Il Fatto Quotidiano brings yet another aspect to the fore, unlikely as it may seem: the April 9, 2009 earthquake in the Abruzzo region, Italy’s emerging tourist destination. The quake killed at least 92 people and destroyed a lot of infrastructure. “A law that has been approved to help the people in the Abruzzo region has actually been tailored to enrich the gentlemen of the gaming sector.
Marco Milanese, an undersecretary at Economic Affairs, wrote the legislation that allowed the use of advanced digital video poker machines in public spaces. According to Il Fatto Quotidiano, the law was presented as a tool to collect taxes for the benefit of the people in Abruzzo. The actual text of the law was written by Studio Mag, a private company that also works for Atlantis. But the advanced technology allowed the operators of these gambling machines to disconnect them from the state’s network for extended periods of time. This way, they reportedly evaded €98 billion ($127.5 billion) in taxes.
Corallo’s attorney Bruno Larosa is quoted by Il Fatto Quotidiano as saying that his client has nothing to do with the facts; he also denies connections with Marco Milanese. He furthermore criticizes the legislation referred to above, because it is “too limited and too tricky for license holders and especially for the company of which he is a shareholder.” According to Larosa, Corallo has instructed him to file complaints for slander against ministerial functionaries and others who have made “absolutely false statements” to law enforcement.

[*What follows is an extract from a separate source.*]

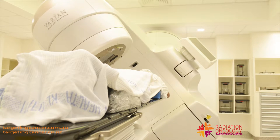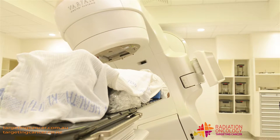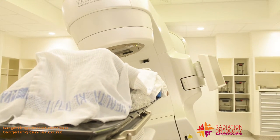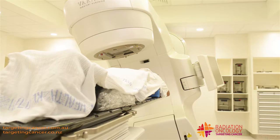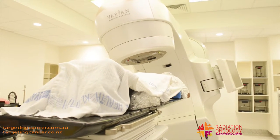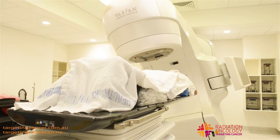We have many options — the machine can move around the patient, or we can also move the couch. We can swing the angle. We can always put the patient in the spot that we'd like them to be, make sure that's stable, and then move our equipment around them.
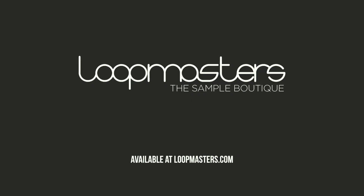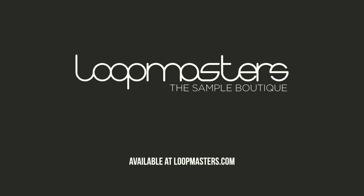And as well as my analog gear — my Dave Smith Poly Evolver, my Moogs — I used a lot of soft synths as well to make some of these sounds. I hope you enjoy it as much as I've enjoyed putting it together and check it out on Loopmasters and Loot Cloud. We'll see you next time.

The online newspaper also reports that BPlus has filed a detailed and documented complaint with the court in Rome against high ranking civil servants at the Italian Ministry of economic affairs and against a number of competing companies in the gaming sector about “suspicious actions that include serious crimes for the benefit of some companies operation in the gaming sector and at the expense of BPlus. “Corallo has expressed his confidence in the judicial authorities and he is convinced that the Roman and the Milanese court will dive deep into the complicated story and that they will bring to light that behind the slanderous statements that have been made against him there is the intention to push BPlus out of the market for the benefit of some competitors.”
While the Italian media are obviously focusing on the link between the players in the BM-scandal in their own country, the story has also unleashed media-attention in the Caribbean. Atlantis/BPlus is established in Cupecoy. The website Yespolitical.com made an attempt to describe who Francesco Corallo is, but it gets stuck in a lot of maybes and innuendos, including even the intriguing question: “Did you know that Corallo has a newspaper in Sint Maarten?” Then it mentions that there are “only three newspapers” on the island before getting one title right – and that was not the Today newspaper. Apparently the writer of the story (dated September 27, 2010) once wrote a letter to that other newspaper claiming he never got an answer. Other articles, in newspapers like the Antilliaans Dagblad, NRC Handelsblad, follow the Money web site and others to numerous to mention refer to Corallo’s links with Curaçao’s Prime Minister Gerrit Schotte, Minister Charles Cooper, and Dominica’s Prime Minister Skerritt Roosevelt who allegedly sold the Atlantis/BPlus-owner a diplomatic passport for a hefty fee.